Return all the data verbatim but without images.

**Source data:**
=-=-=

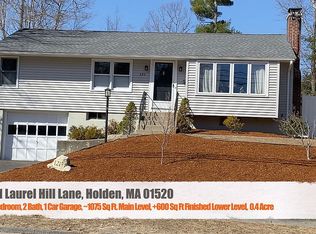 121 Laurel Hill Ln, Holden, MA 01520
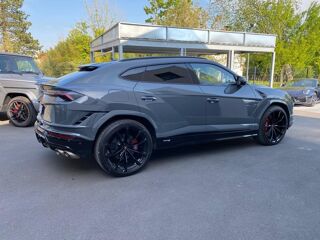 Urus 4.0 V8 S 666 CH / AKRAPOVIC / TVA / 11437 KMS 2023 occasion 62780 CUCQ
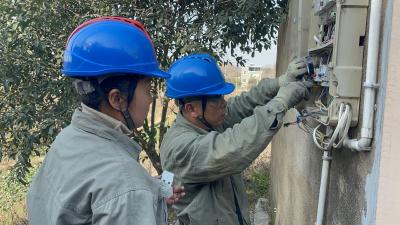 以坚守点亮万家灯火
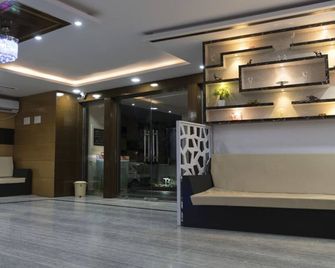 Rajhans Hotel & Resort - Roychak - Lobby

=-=-=

**Answer to this problem:**
 121 Laurel Hill Ln, Holden, MA 01520
 Urus 4.0 V8 S 666 CH / AKRAPOVIC / TVA / 11437 KMS 2023 occasion 62780 CUCQ
 以坚守点亮万家灯火
 Rajhans Hotel & Resort - Roychak - Lobby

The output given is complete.